In 1810, when the territory that is now Argentina ceased to be a colony of Spain, black people made up 30 percent of the population of Buenos Aires, and in some provinces they were the majority, as in Córdoba in the centre, Catamarca in the west and Tucumán in the north.
This very significant population, descended from Africans brought over as slaves in colonial times, was decimated when black soldiers served as cannon fodder in the War of the Triple Alliance (1864-1870), in which Argentina, Brazil and Uruguay virtually devastated Paraguay, which lost one million of its then 1.3 million people.
The yellow fever epidemic that killed off about eight percent of the population of Buenos Aires, apparently introduced by soldiers returning from the war, caused ravages particularly among Afro-descendants, who lived in overcrowded conditions without any sanitation.
In spite of this, their influence remained alive. But towards the end of the 19th century, when the foundations of the Argentine nation were laid, key figures like President Domingo Sarmiento (1868-1874) threw the doors of the country open to white European immigrants and disdained the contribution of black and indigenous peoples.
According to Miriam Gomes, head of the Cape Verdean Mutual Aid Society of Dock Sud, a district near the port of Buenos Aires, the recent influx of African immigrants, since the 1990s, has had the effect of holding up a mirror for the descendants of earlier arrivals to see themselves, an experience they had been denied for centuries.
That is why, lately, the score or so of Afro-descendants' organisations in Argentina, in Buenos Aires and in the country's provincial cities, are trying to emerge from the shadows and proclaim their cultural values, or rediscover them if they have lost all contact with their roots.
"Some people look shocked when we tell them that their kinky hair might mean they have black ancestors," Victoria Díaz of the Cape Verdean Society told IPS. She said that some time ago, a blond white man who had information about a possible African ancestor was surprised when this was confirmed.

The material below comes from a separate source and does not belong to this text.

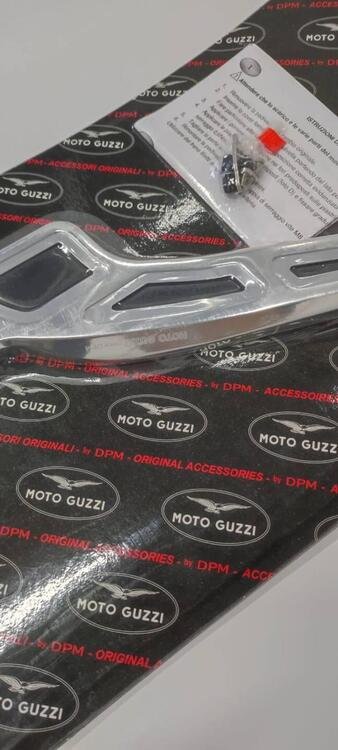 Kit Leva cambio alluminio Moto Guzzi (2)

The organisations are also trying to shed light on African contributions to typical expressions of national culture, including traditional dances like the tango, the milonga, or the chacarera, as well as candombe. There are also African influences in literature, cuisine, religion and the language.
"In Argentina, the word 'quilombo' means a complete mess, something disorganised or poorly put together, but for us the Quilombo of Palmares is our pride and joy," said Bonga, referring to a settlement of former slaves who escaped from Brazilian plantations during Portuguese colonial rule.
As part of their bid for heightened recognition, the communities held the first "Black Argentina" Festival in Buenos Aires in late May, with performances by music and dance groups, a display of musical instruments, and tables with information about the different Afro-descendants' organisations in the country.
Gómes is in charge of a project titled "Support for the Afro-Argentine Population and Its Grassroots Organisations", aimed at making their work more visible. The project's goal is to foster unity among the descendants of enslaved Africans and Cape Verdeans who arrived in the late 19th century, and recent black immigrants from Africa, Brazil, Uruguay, Peru and the Caribbean.
These communities are not represented in the media or the educational system, Bonga said. "We only appear in school plays as vendors of candles and pastries," she complained, about celebrations of the country's independence in which black people are portrayed only in the servant roles forced on them in colonial society.